Работа над сборником арабского поэта была пресечена 27 июня 1930 года: Эбермана арестовали и отправили в ссылку. Тот, у кого отняты не только свобода передвижения, но и книги, содрогается от особой боли, понятной не каждому; она была тем сильнее, что Василию Александровичу шел всего тридцать первый год. Горькое утешение от отыскал в том, что стал сочинять «Венок сонетов», посвященный описанию трагедии давнего поэта, которого он уже не мог более изучать за письменным столом; так искалеченная птица пытается приспособиться к изменившимся условиям, чтобы продолжать жить. Над Медвежьегорском низко висело сумрачное небо; задумчивый бледный человек в стеганой телогрейке медленно ходил по стынущим улицам, губы шептали только что созданное, прилаженные друг к другу слова:

Жену халифа в праздничной Медине

В торжественных и чувственных стихах

Воспел красавец-юноша Баддах.

Она любовь дарит ему отныне…

С озера в лицо дул холодный ветер, а Эберман продолжал творить сонеты о солнечных арабских городах и сердцах.

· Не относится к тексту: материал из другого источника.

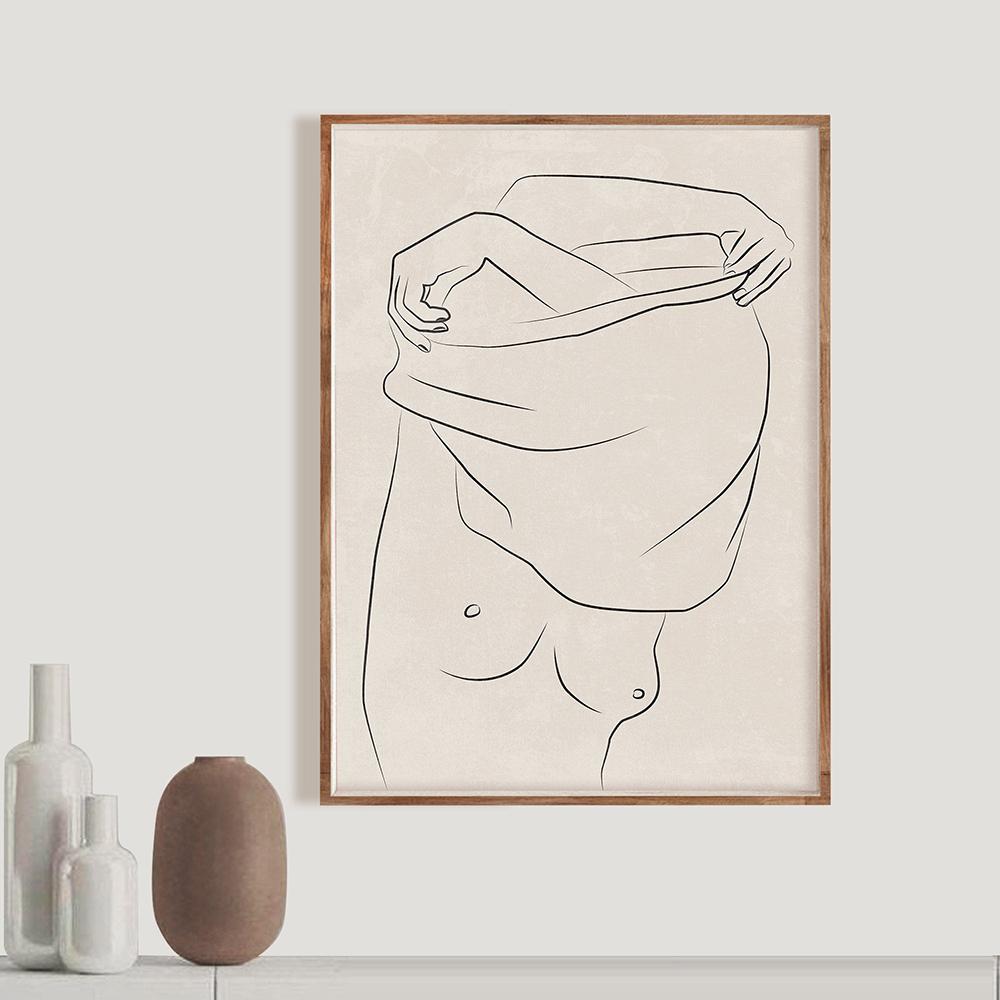 Mid Century Modern Nude Minimalist Art Canvas Painting Poster Woman Line Drawing Print Home Decor Wall Picture For Bathroom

…Ну вот, а теперь, через пять лет, пришла наша с Левой очередь; 4 декабря 1938 года «столыпинский» вагон с решетками на окнах доставил нас в сей самый Медвежьегорск. Эбермана уже не было в живых. После Прионежья он еще успеет побывать в Магадане, потом окажется в Орле, куда к нему сможет приехать жена, Ксения Дмитриевна Ильина, тоже востоковед и тоже ссыльная. Она заживо сгорит в тюрьме во время войны с Германией, а он, Василий Александрович, при странных обстоятельствах утонет летом 1937 года. Этот разумный человек видел, к чему шло дело вокруг, так, может быть, и странности-то не останется…

Конвой привел нас, пеструю толпу этапников, к пристани. Каждому при входе на баржу выдали по буханке черного хлеба и две вяленые рыбины – сухой паек на три дня. Всех спустили в трюм, как в средние века поступали работорговцы с невольниками, вывозимыми из Африки. Черный пол трюма тотчас же усеяли мешки и тела. Мы с Левой поместились в углу у продольной балки.

– Хорошо, что Нику не отправили, – сказал я. – В больнице все-таки легче.

– Во-первых, это еще как сказать, – рассудительно возразил Лева, – а потом, знаешь, могут его по выздоровлении так загнать куда-то, что и следов не сыщешь.

Кончился день, прошла ночь. Баржа пересекала Онежское озеро в неизвестном направлении. Сквозь щели с палубы пробивался студеный ветер. Тяжелые изжелта-серые волны, которые можно было разглядеть сквозь зарешеченные иллюминаторы, бились в борта, отваливались, уступали место новым и новым. Люди коротали время в разговорах и сне, благо их пока не тревожили.

Наступило 7 декабря, сверху открыли дверь на палубу, скомандовали: «Всем выходить!»